REQUIRED ACTION:
Extract every entry word for word.

Entries taken from a collection:
◇ ◇ ◇ ◇ ◇ ◇ ◇
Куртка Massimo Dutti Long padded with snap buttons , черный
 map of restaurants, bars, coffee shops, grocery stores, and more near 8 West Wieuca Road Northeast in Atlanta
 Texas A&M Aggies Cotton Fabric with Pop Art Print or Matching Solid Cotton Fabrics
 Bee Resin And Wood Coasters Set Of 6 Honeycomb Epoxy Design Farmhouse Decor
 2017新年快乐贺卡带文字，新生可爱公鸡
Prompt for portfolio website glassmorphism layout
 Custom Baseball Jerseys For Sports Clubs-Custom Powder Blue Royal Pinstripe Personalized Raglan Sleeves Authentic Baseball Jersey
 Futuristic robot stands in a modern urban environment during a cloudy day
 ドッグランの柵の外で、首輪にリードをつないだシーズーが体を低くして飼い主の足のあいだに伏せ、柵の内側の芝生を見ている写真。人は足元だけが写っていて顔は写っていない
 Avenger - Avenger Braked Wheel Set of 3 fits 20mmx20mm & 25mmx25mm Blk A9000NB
◇ ◇ ◇ ◇ ◇ ◇ ◇
EXPECTED ANSWER:
Куртка Massimo Dutti Long padded with snap buttons , черный
 map of restaurants, bars, coffee shops, grocery stores, and more near 8 West Wieuca Road Northeast in Atlanta
 Texas A&M Aggies Cotton Fabric with Pop Art Print or Matching Solid Cotton Fabrics
 Bee Resin And Wood Coasters Set Of 6 Honeycomb Epoxy Design Farmhouse Decor
 2017新年快乐贺卡带文字，新生可爱公鸡
Prompt for portfolio website glassmorphism layout
 Custom Baseball Jerseys For Sports Clubs-Custom Powder Blue Royal Pinstripe Personalized Raglan Sleeves Authentic Baseball Jersey
 Futuristic robot stands in a modern urban environment during a cloudy day
 ドッグランの柵の外で、首輪にリードをつないだシーズーが体を低くして飼い主の足のあいだに伏せ、柵の内側の芝生を見ている写真。人は足元だけが写っていて顔は写っていない
 Avenger - Avenger Braked Wheel Set of 3 fits 20mmx20mm & 25mmx25mm Blk A9000NB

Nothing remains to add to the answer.